:: INFORMATION GIVEN ::

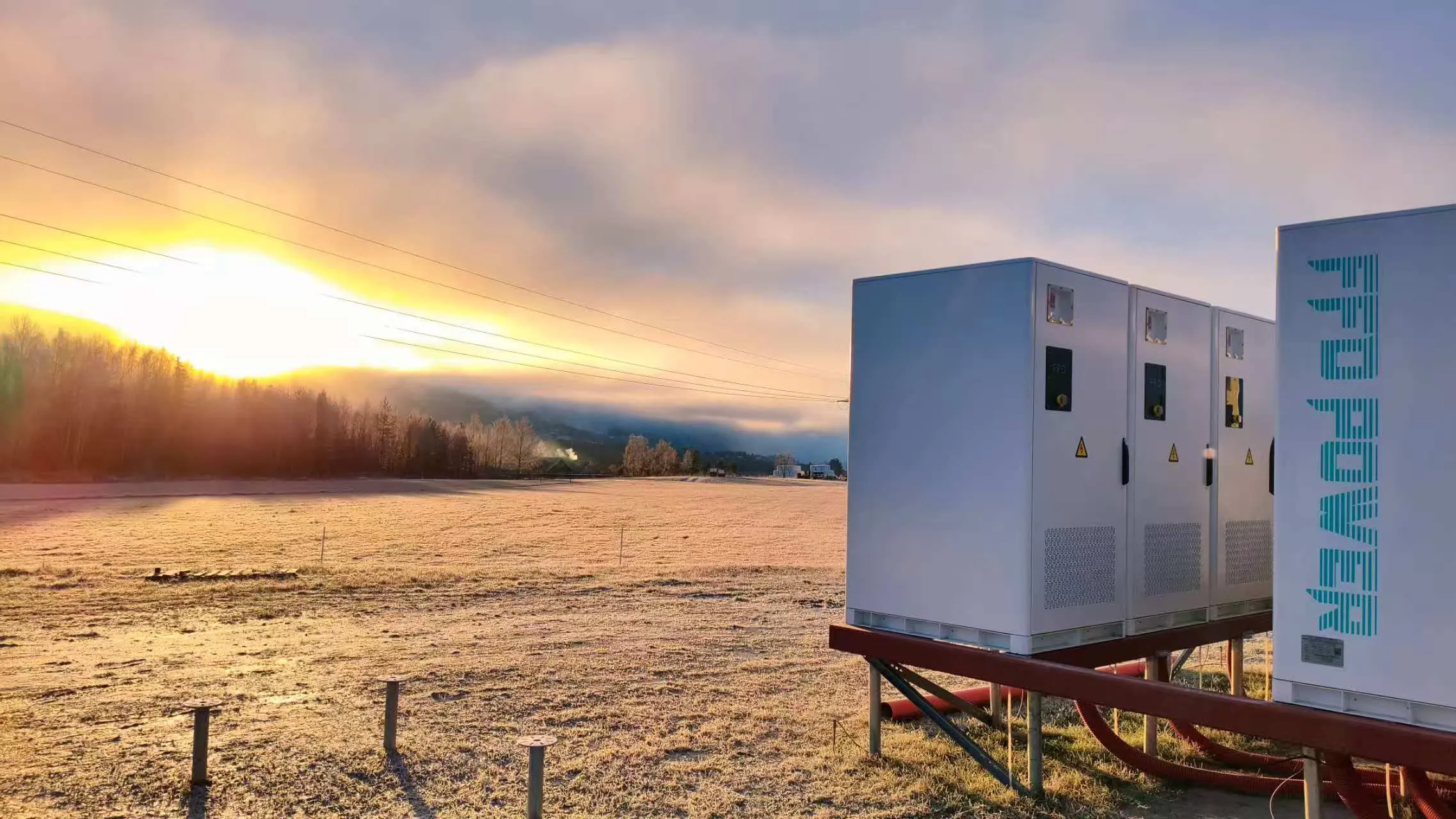FFD POWER Batterieschränke auf einer erhöhten Stahlplattform bei Sonnenaufgang über nebligen norwegischen Feldern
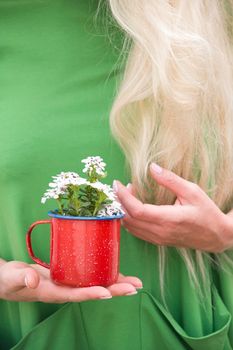 a blonde girl with long hair in a bright green dress holding a red mug with a bouquet of white flowers, portrait, High quality photo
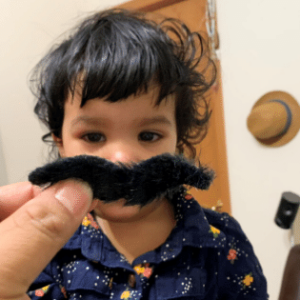 Yound child with fake mustache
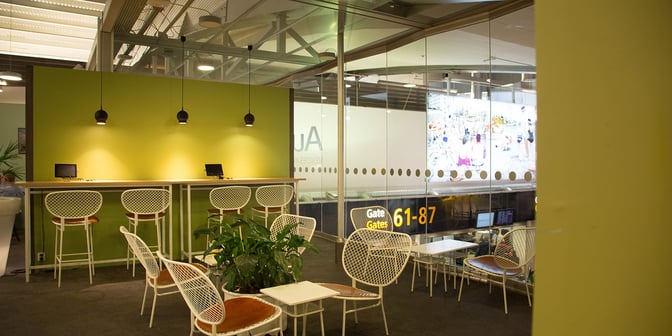 The Pearl Lounge at Stockholm Arlanda Airport features a seating area with tables and chairs near gates 61-87.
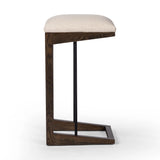 Featuring Finn Sienna Brown Oak Bar Stool by Four Hands at Amethyst Home. A stunner from every angle, this architecturally inspired stool features an angular base crafted from solid oak with two iron rods for added support and visual interest. Seat is upholstered in a linen/cotton/poly blend performance fabric with subtle texture throughout. Performanc. Amethyst Home provides interior design, new home construction design consulting, vintage area rugs, and lighting in the Salt Lake City metro area.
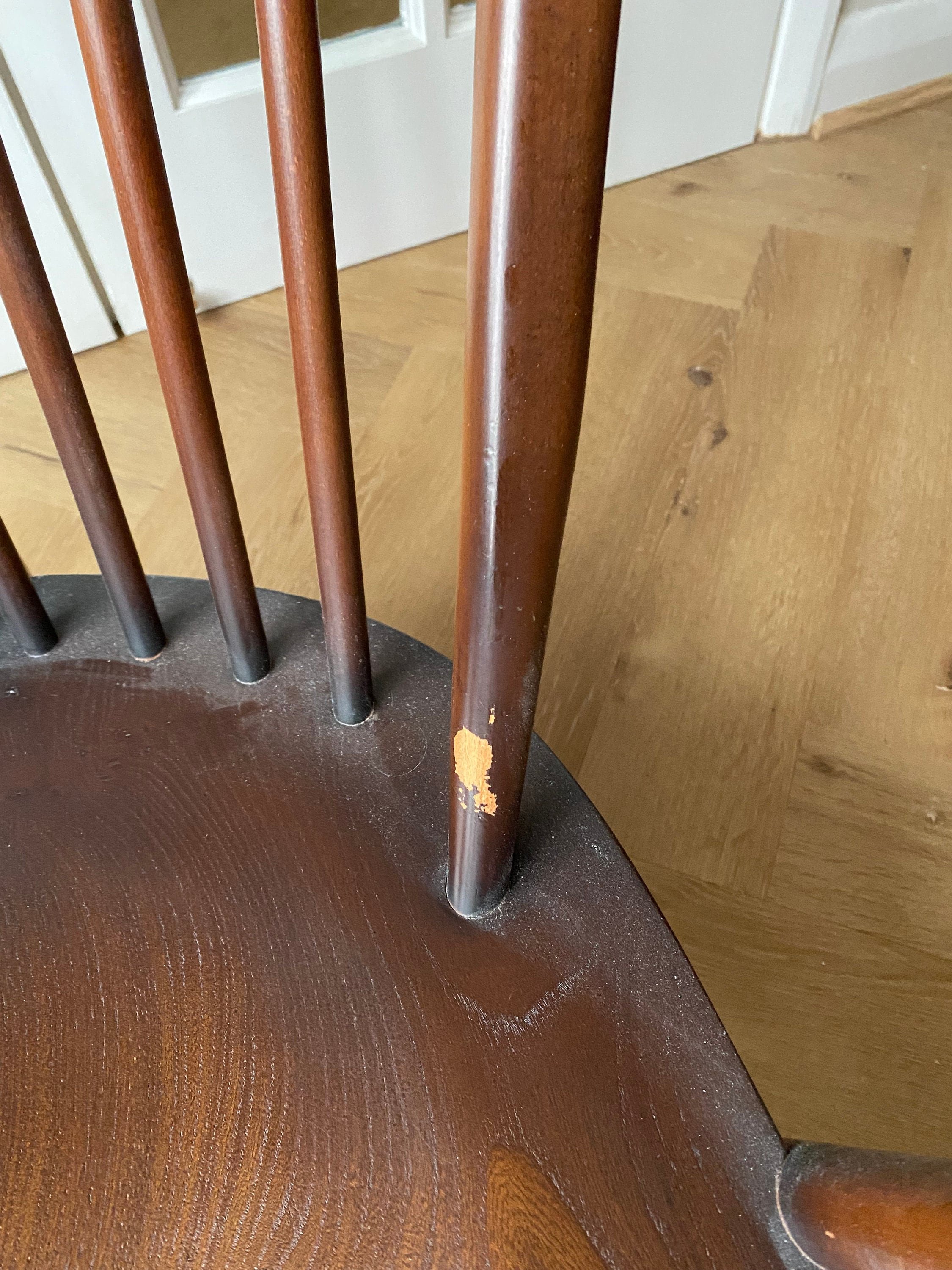 Vintage Ercol 1970s fleur de lis back armchair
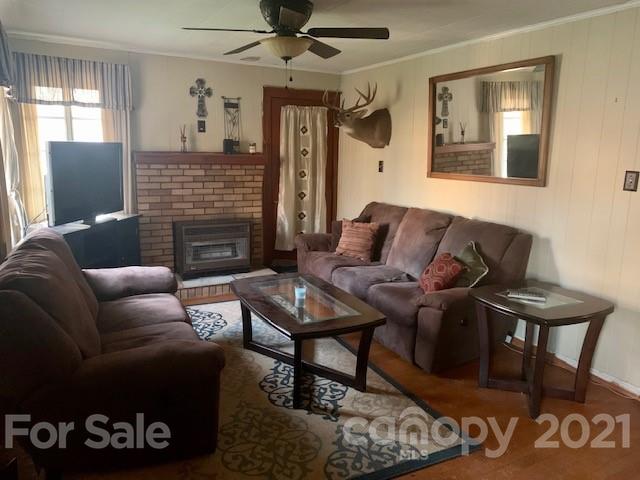 645 Thompson Cove Road Clyde, NC 28721 - Photo 5 of 12 a living room with furniture and a fireplace
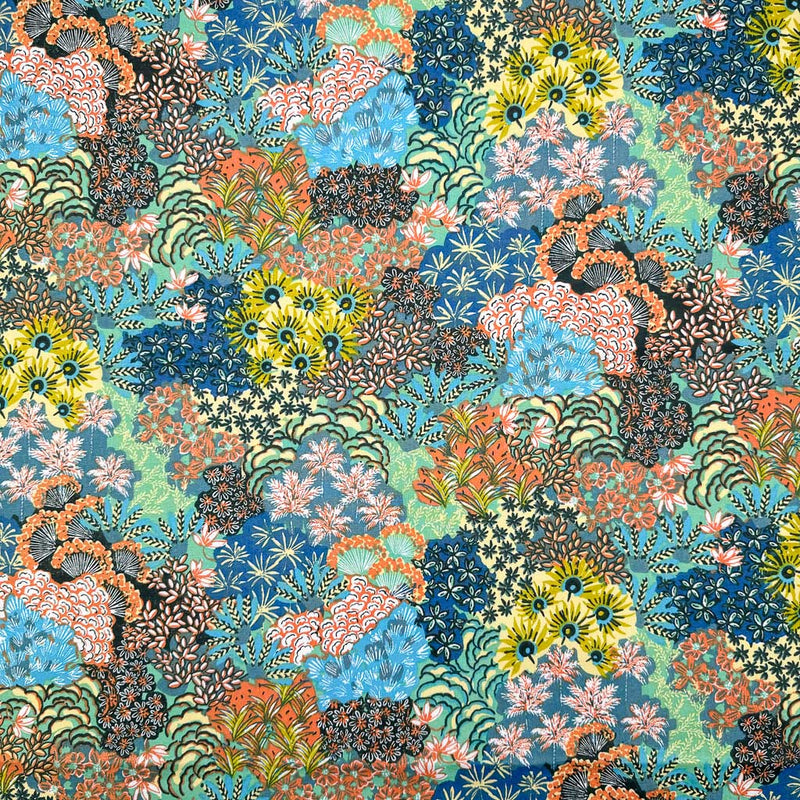 A bright fabric with multicoloured flower displays printed on a dark dressmaking cotton fabric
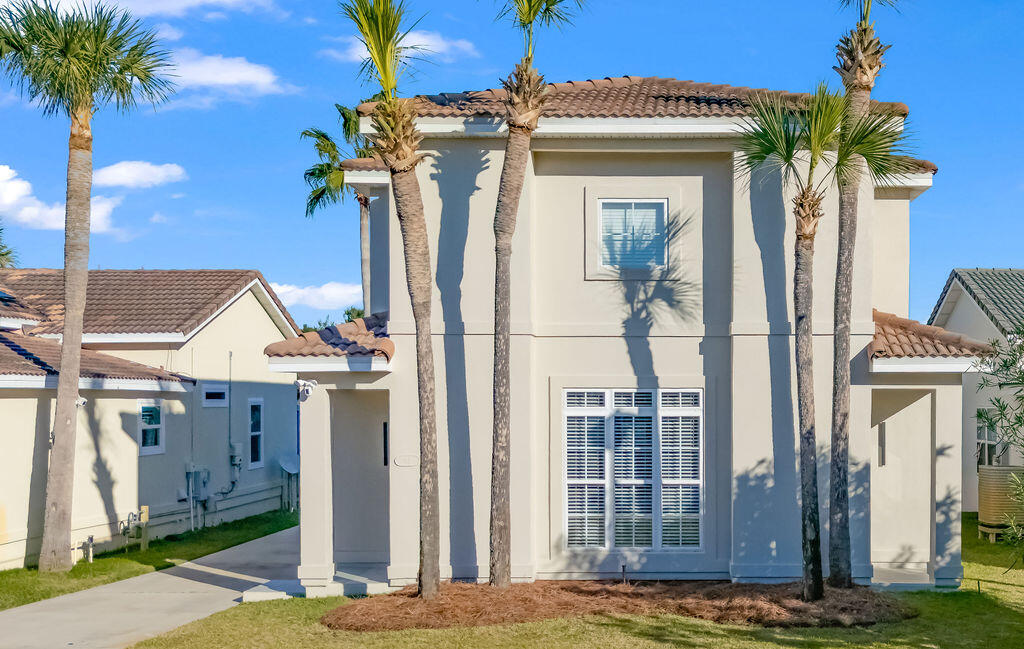 Welcome to gated coastal living just minutes from the sand. Located in an intimate, private community of only 45 homes, this beautifully maintained residence sits just ½ mile from the beach and offers the perfect blend of privacy, space, and coastal convenience. Step inside to soaring 20-foot ceilings that flood the home with natural light and create an open, airy feel from the moment you enter. The kitchen features granite countertops, ample workspace, and a layout ideal for both everyday living and entertaining. Recent updates include fresh interior paint and a new hot water heater. Residents also enjoy access to a community pool, perfect for relaxing after a day at the beach.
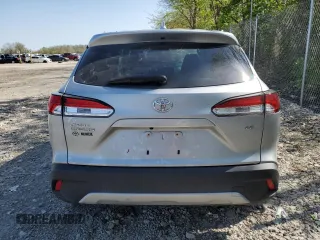2022 Toyota Corolla Cross LE with VIN 7MUCAAAGXNV012565, listed as a Copart auction lot 54573305 with 53,053 mi miles and Salvage title. Bid and sale history available at DreamBid. Image 6.
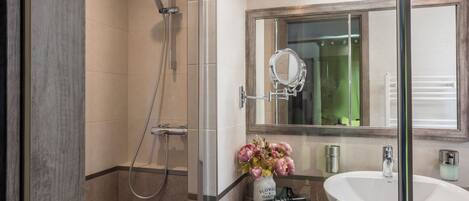 Un baño moderno con ducha de vidrio, un lavabo grande y un espejo encima.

:::

YOUR GOAL = In the records above, find the line with "a blonde girl" and the line with "The Pearl Lounge". Write out exactly those lines and every one between, with no pictures and no other lines.

TASK SOLUTION =
 a blonde girl with long hair in a bright green dress holding a red mug with a bouquet of white flowers, portrait, High quality photo
 Yound child with fake mustache
 The Pearl Lounge at Stockholm Arlanda Airport features a seating area with tables and chairs near gates 61-87.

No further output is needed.